Page mise à jour le 01/09/2026
Pour commencer
Homme libre, toujours tu chériras la mer.
La femme est naturelle, c'est-à-dire abominable.
Hypocrite lecteur, - mon semblable, - mon frère !
De Maistre et Edgar Poe m'ont appris à raisonner.
À retenir
- 52 citations de Charles Baudelaire composent cette page, toutes vérifiables.
- Elles viennent de 8 sources recensées : Les Fleurs du mal, Le Spleen de Paris, Mon cœur mis à nu, Œuvres complètes et L'Art romantique parmi elles.
- Baudelaire est mort en 1867 : ses textes sont dans le domaine public français.

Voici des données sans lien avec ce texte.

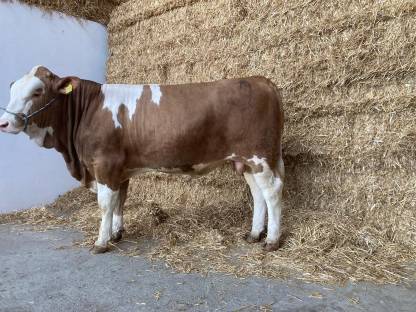 Bild 4:Fleckvieh Deckstier Sprungstier Zuchtbulle Deckbulle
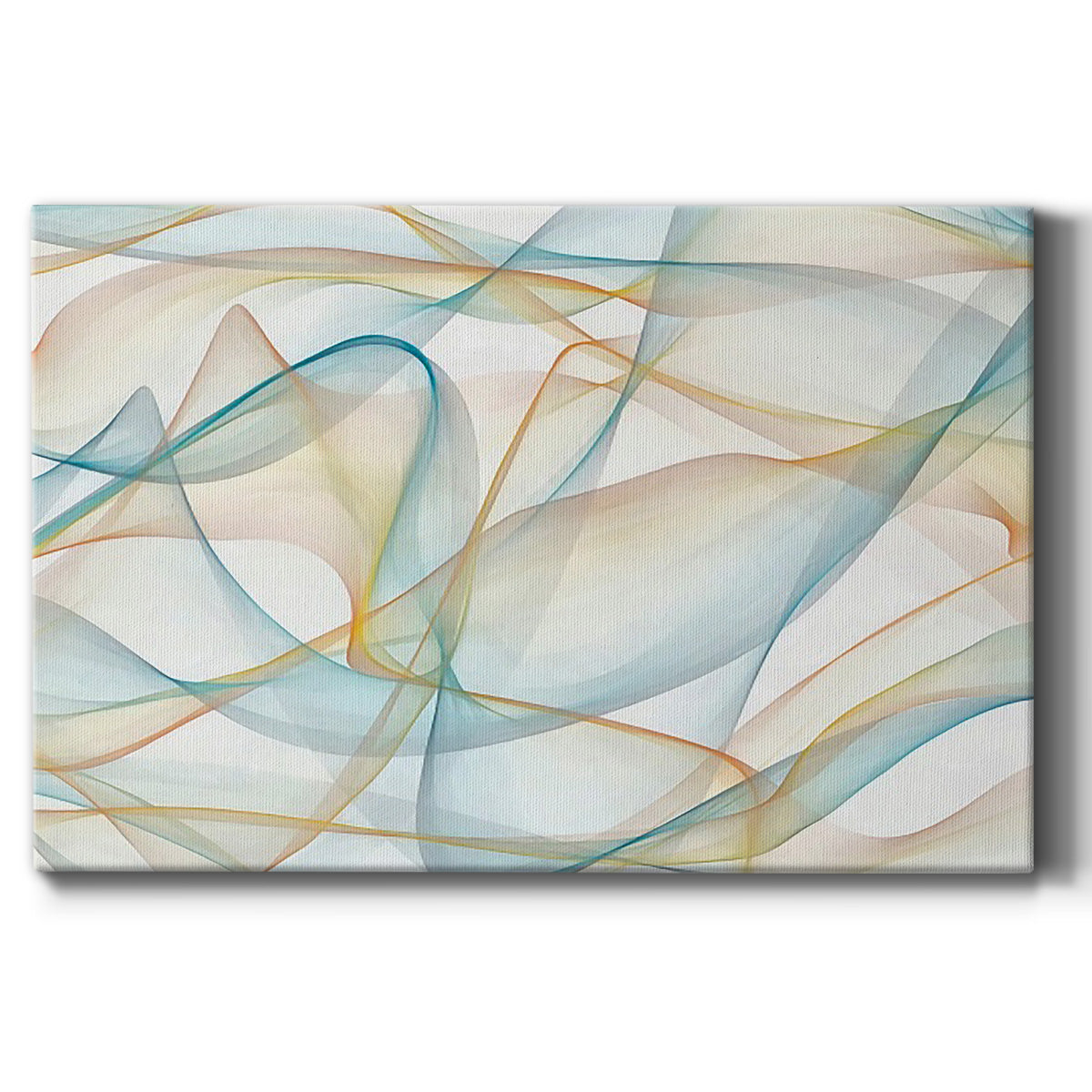 Curves and Waves V - Canvas Art Print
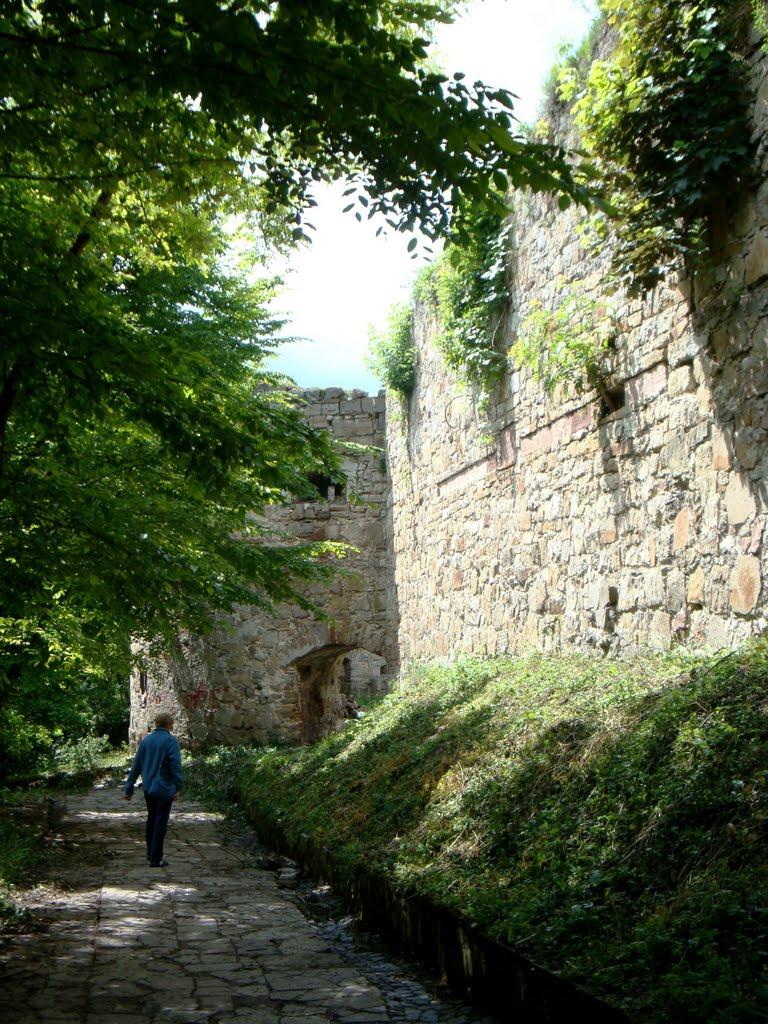 Теребовля з panoramio.com - Теребовля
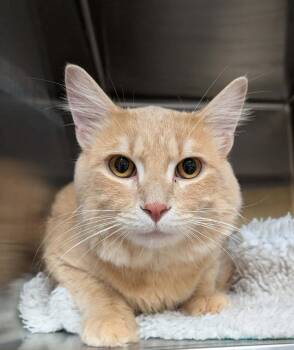 Mango -  Domestic Medium Hair Cat for Adoption in Wetaskiwin, Alberta - Mango | PetCurious
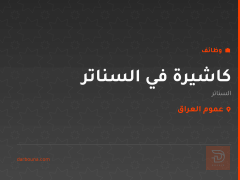 كاشيرة في السناتر — عموم العراق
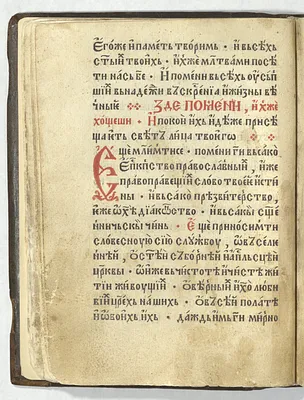 p. 56
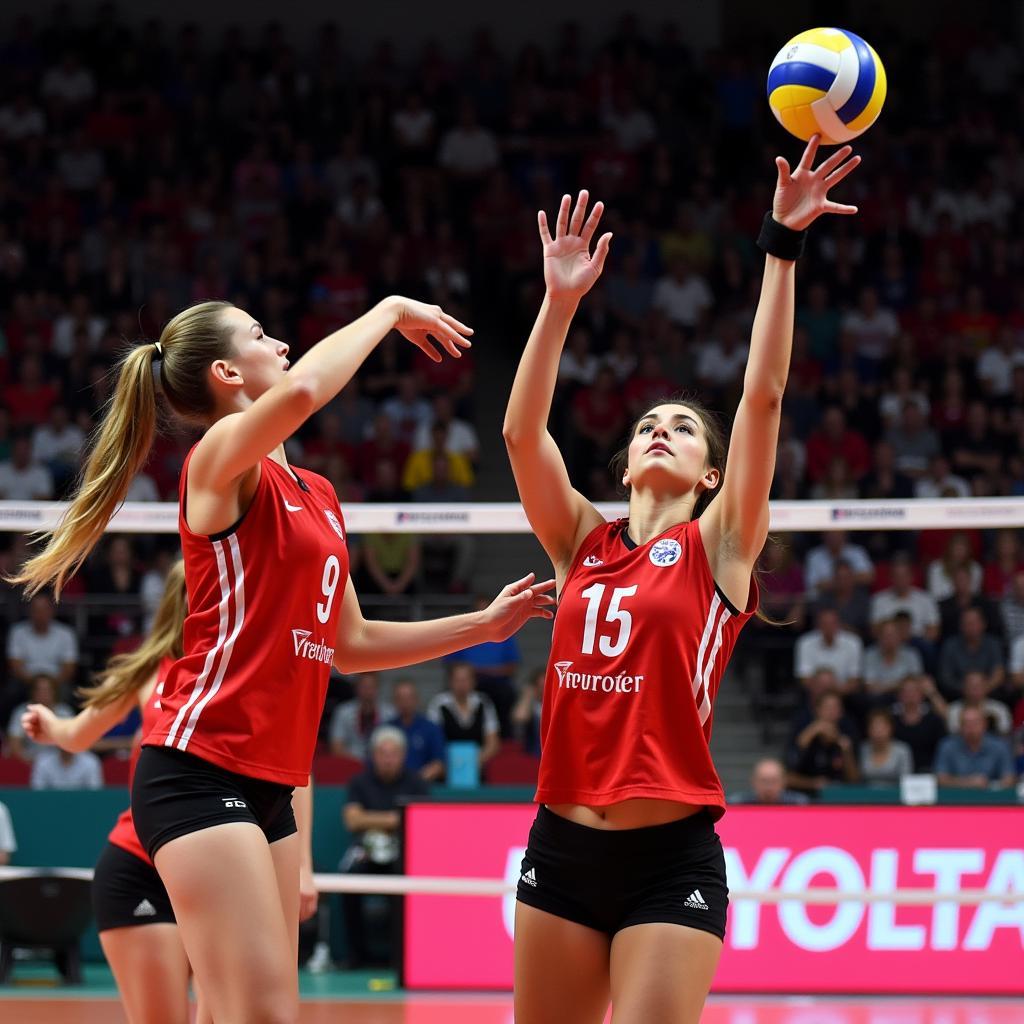 Spannendes Volleyball-Match in Leverkusen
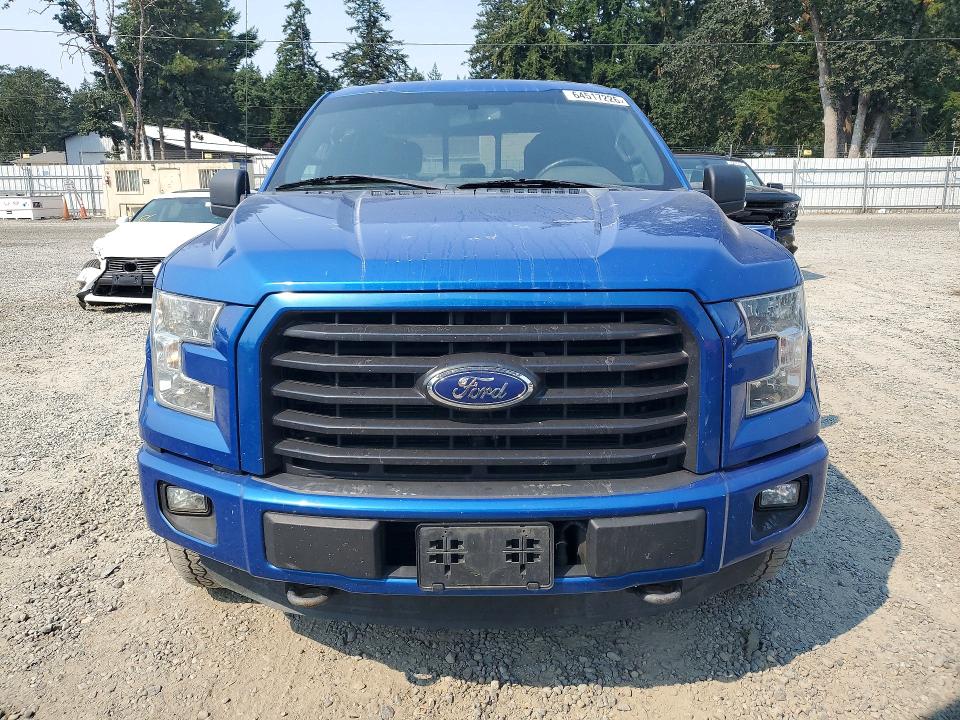 64517226 :رقم المزاد ، 1FTEW1EP1GFD01013 vin ، 2016 Ford F150 مزاد بيع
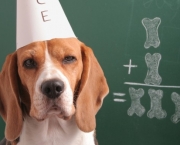 As 10 Raças de Cães Mais Inteligentes (8)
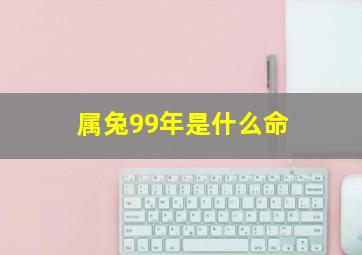 属兔99年是什么命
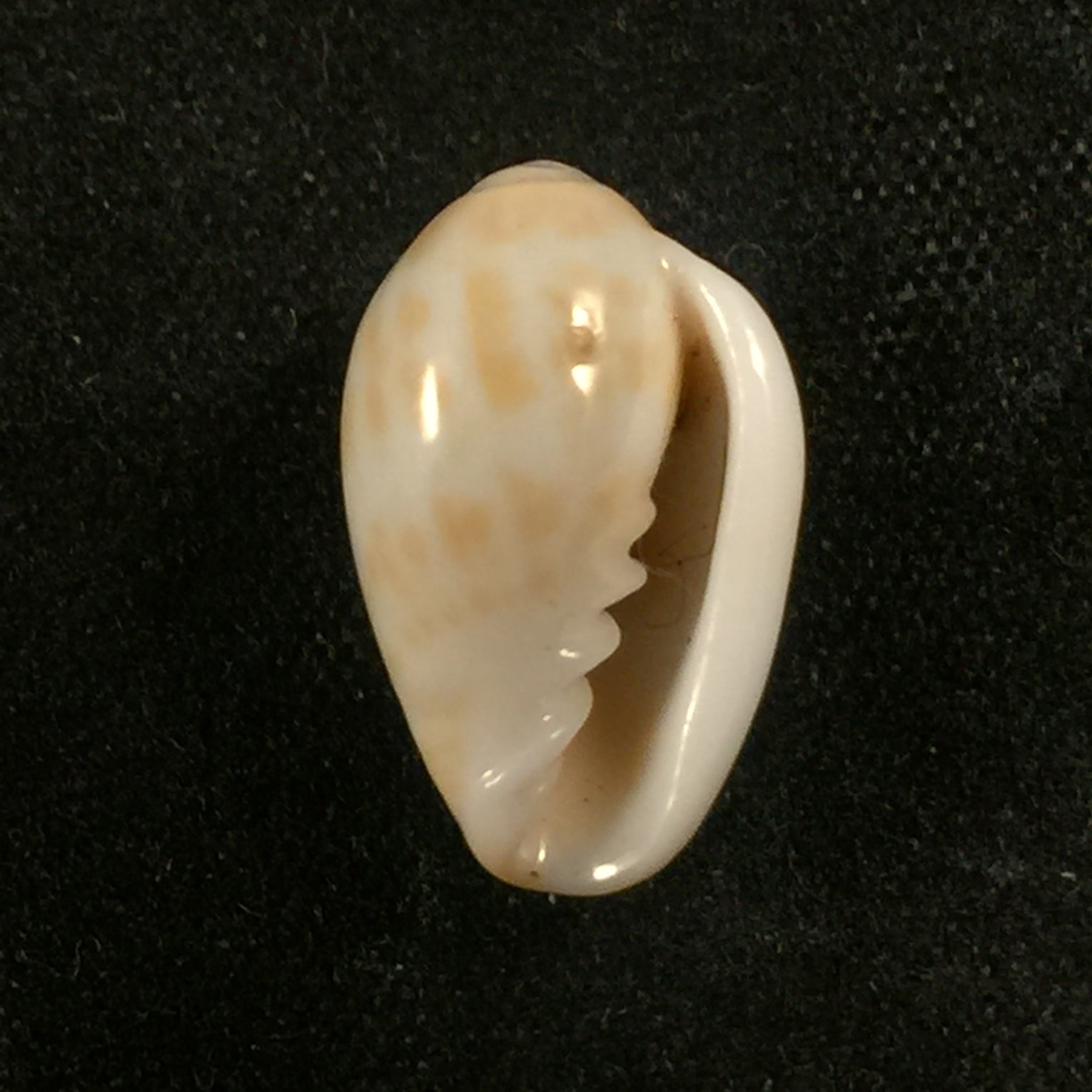 Prunum fulminatum (Kiener, 1841) - 14,8mm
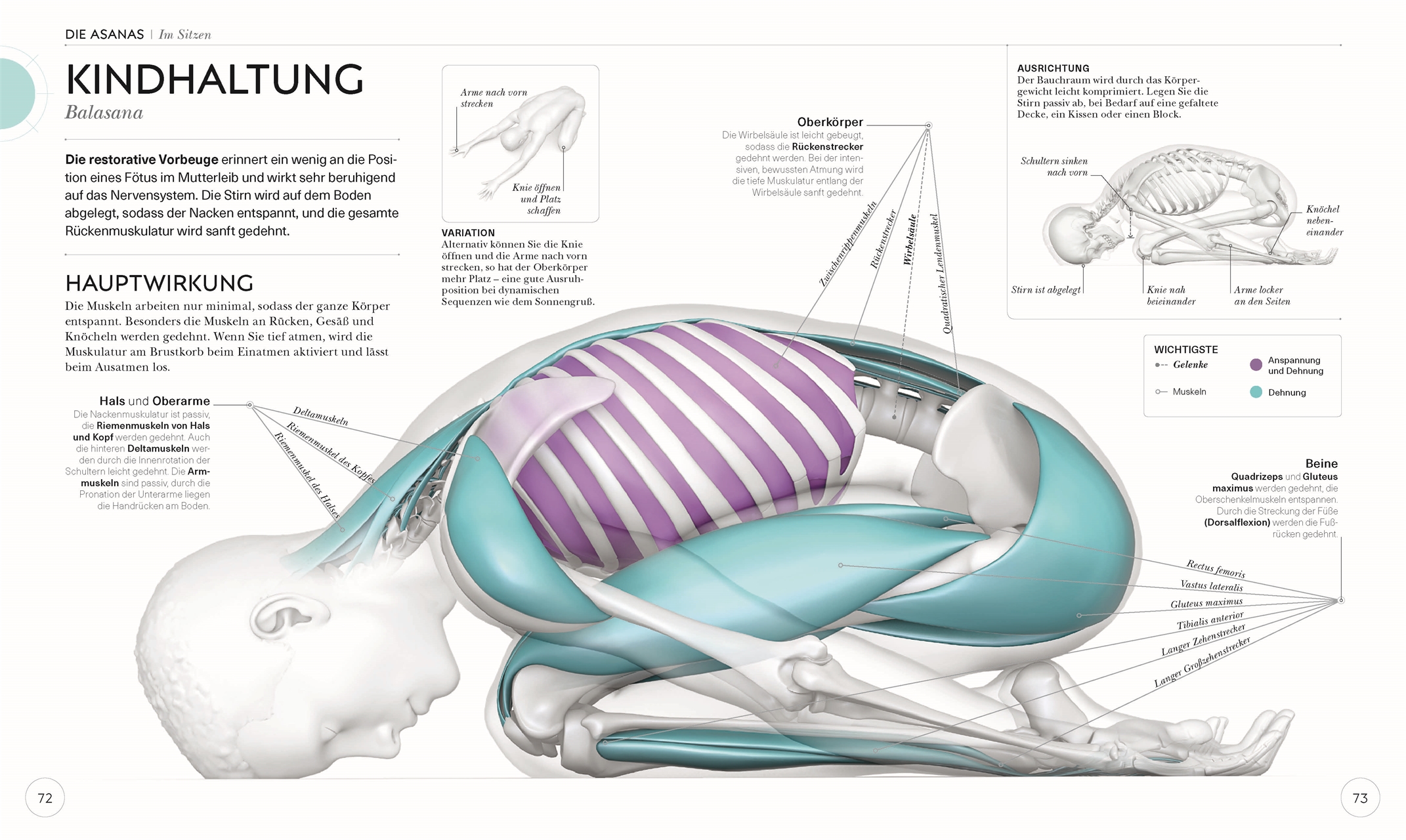 Yoga verstehen - Die Anatomie der Yoga-Haltungen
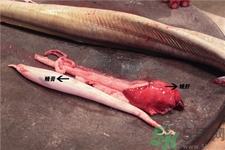 鰻魚的營養(yǎng)價(jià)值 鰻魚的功效與作用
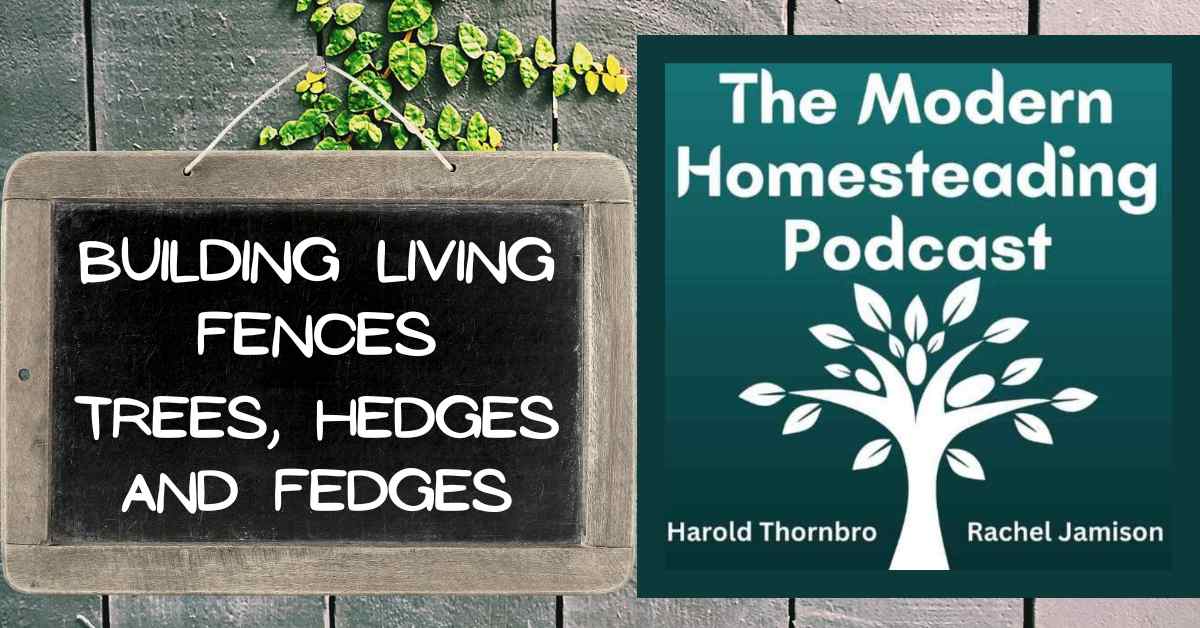 Read more about the article Building Living Fences: Trees, Hedges and Fedges
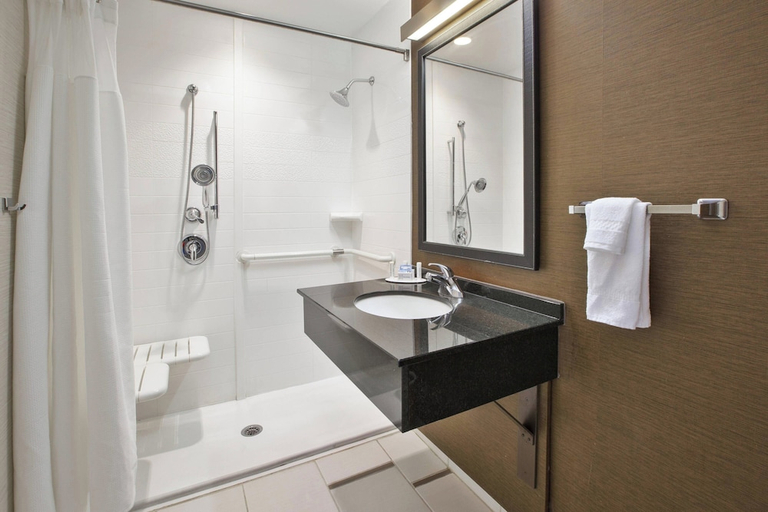 Bathroom 3, Fairfield Inn Suites Milwaukee Downtown, Milwaukee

Qui était Charles Baudelaire
Charles Baudelaire naît en 1821 et meurt en 1867. Poète et traducteur français, il reste associé aux Fleurs du mal, recueil qui lui vaut un procès en 1857, et à des proses réunies après sa mort sous le titre Le Spleen de Paris. Ce mélange de vers réglés et de textes en prose explique qu'on le cite encore aujourd'hui pour des raisons opposées : la forme d'un côté, la formule tranchante de l'autre.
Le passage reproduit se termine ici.